Intitolato a Nino Cavalli nel 1999, ha vissuto due Mondiali. Ora raggiunge il Lanfranchi nel mondo dei ricordi
Quante ne hai viste, mio caro diamante, e quante me ne hai fatte vedere! Un giorno chiesi a mio padre da dove venisse quella luce: è il campo da baseball, disse lui. Fu un richiamo, come un bengala lanciato da chi ha bisogno che qualcuno vada da lui. Quando pioveva, per andare alla partita mi regolavo così: luce accesa, giocano; e allora via. La prima, ero giovinetto, fu un Bernazzoli-Mobilcasa Firenze, era di pomeriggio, finita molto a poco per noi. Ero esaltato dal “bombardamento” dei nostri, da tutti quei punti segnati. Ad un certo punto me ne uscii con uno “Dai, fermatevi se no piangono”: già venivo su bene come tifoso…
A proposito di tifosi: che battaglie, nel vero senso della parola, quelle coi nettunesi! A fine anni ’70 e negli anni ’80 salivano in diverse decine ed erano veramente tosti. Allora gli stadi erano abbastanza pieni anche nelle partite del pomeriggio ed anche se si era all’inizio del campionato, loro avevano il loro “territorio” appena sopra il dug out di terza base (un tempo quello era riservato agli ospiti). Non si poteva parlare di arlìa, ma era vera e propria guerra verbale. Un pomeriggio le parole non bastarono più e ci fu uno sciame di lattine, vuote, piene, mezze piene, che volava dal primo al secondo “anello” e viceversa. Allora c’erano sempre due o tre carabinieri di guardia, anche quel giorno c’erano ma non intervennero, se non ad acque chetate.

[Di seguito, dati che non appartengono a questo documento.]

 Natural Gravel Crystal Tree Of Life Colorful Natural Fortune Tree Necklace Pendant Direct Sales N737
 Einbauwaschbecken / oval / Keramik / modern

E poi la gente seduta ovunque, persino sui pilastri, durante i mondiali del’78 e dell’88: se facevi cadere uno spillo, non avrebbe raggiunto terra. Che momenti! Che emozioni!

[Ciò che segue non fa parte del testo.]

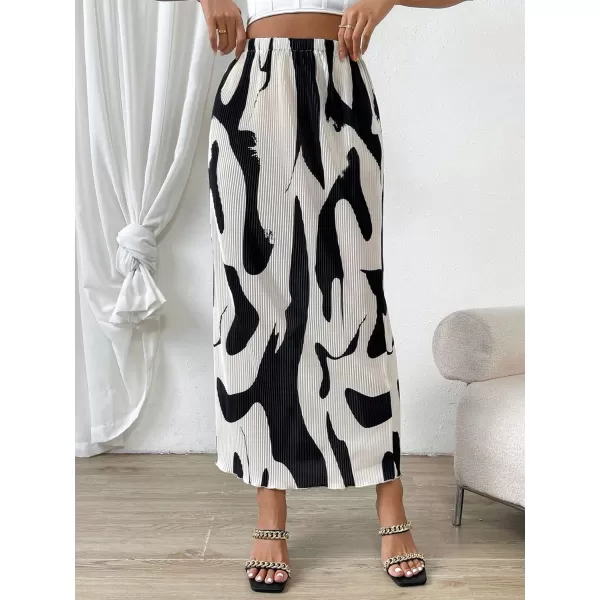 SweatyRocks Women's Casual Elastic Waist Graphic Print Skirt Straight Hem Ribbed Midi Skirts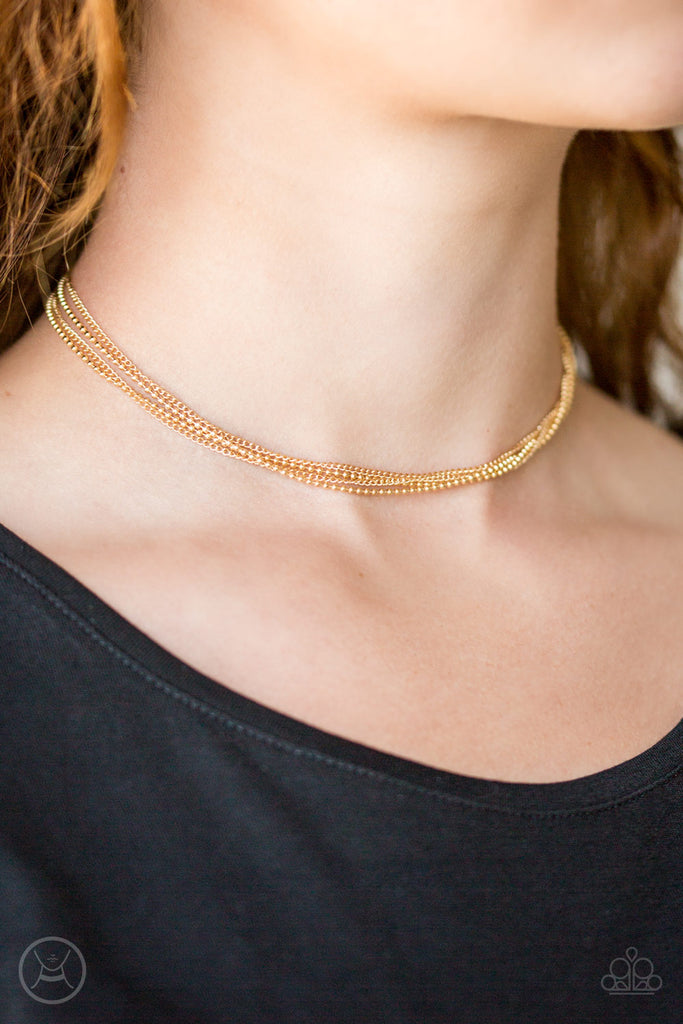 If You Dare - Gold Necklace-Paparazzi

Dalle tribune al campo: col Parma Pan e con Paolo Castagnetti, che ancora giocava, tra gli allenatori, ma lì mi hai visto per poco tempo perché lo studio era andato in secondo piano e forse era meglio costruirsi un futuro con quello che non col baseball. Dal campo, di nuovo alle tribune con la radio, insieme ai vari Schiroli, Calestani, Pelosi, tutti, seppur in ambiti diversi, legati tuttora al batti e corri, anche femminile.

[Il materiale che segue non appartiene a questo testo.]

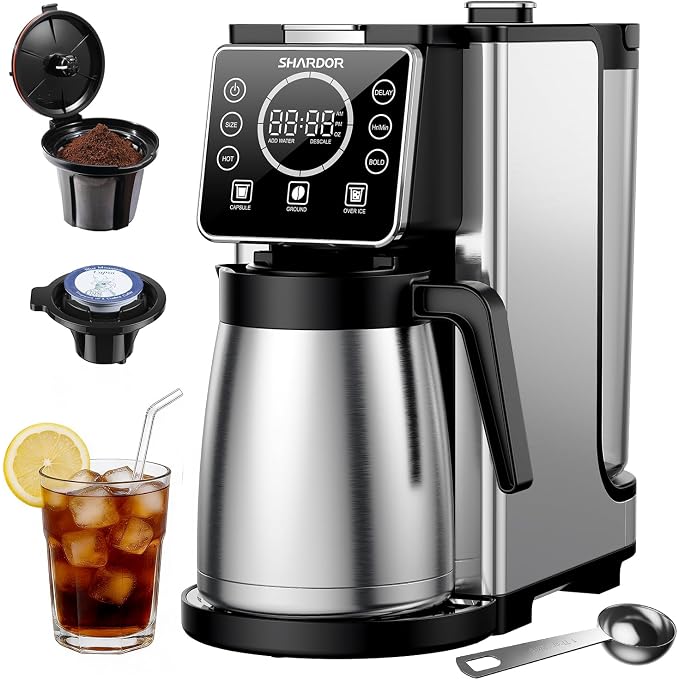 SHARDOR Programmable 5 Cup Drip Coffee Maker, Single Serve Hot & Iced Coffee Machine for K Cup & Grounds, 95oz Removable Reservoir, 624oz Brew Size, Strong Brew, Stainless Steel Thermal Carafe, Black - Image 1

E’ un susseguirsi di flash come Sal Varriale esultante dopo il suo fuoricampo da due contro gli Haarlem Nicols che una volta arrivato a casa base salta addosso a Castelli e cadono, e Castelli si fa male ad un dito; Jim Abbott, il lanciatore Usa con un braccio monco ai mondiali ‘88 che poi andò in Mlb con gli Angels. Ed il compianto Bob Roman, uno che quando la prendeva bene, e non accadeva raramente, superava le piante. E poi i “paisà” che hanno aiutato i Castelli, i Corradi, i Manzini, i Mari, i Cattani, i Fochi a fare grande Parma: il grande Craig Gioia, Dan Miele, Dave Farina, Bob Ciccone,Tony Di Santo, Dave Gallino, il più grande interbase mai arrivato a Parma, Paul Gagliano, Art Fischetti. Ed ancora Ron Coffman, Jessie Baez, Randy Hunt, Tony Brown, Jack Lazorko, Wim Remmerswaal. Prima sua partita a Parma contro Bologna. Era aprile, cielo plumbeo, vento e un freddo barbino. Entro dall’allora vialetto proveniente dal circolo Aquila e mi supera uno in bicicletta, in sottomaglia, borsa sulla canna, lattina di birra in mano. Mancava meno di un’ora all’inizio della partita. Mi chiesi: beh, arriva adesso e così!? Lo tirarono giù dal monte dalla disperazione dopo due inning. Poi però … E come non ricordare il povero Foster, il giovane e corpulento afroamericano, purtroppo scomparso prematuramente, che, tra le altre cose, teneva puliti i seggiolini.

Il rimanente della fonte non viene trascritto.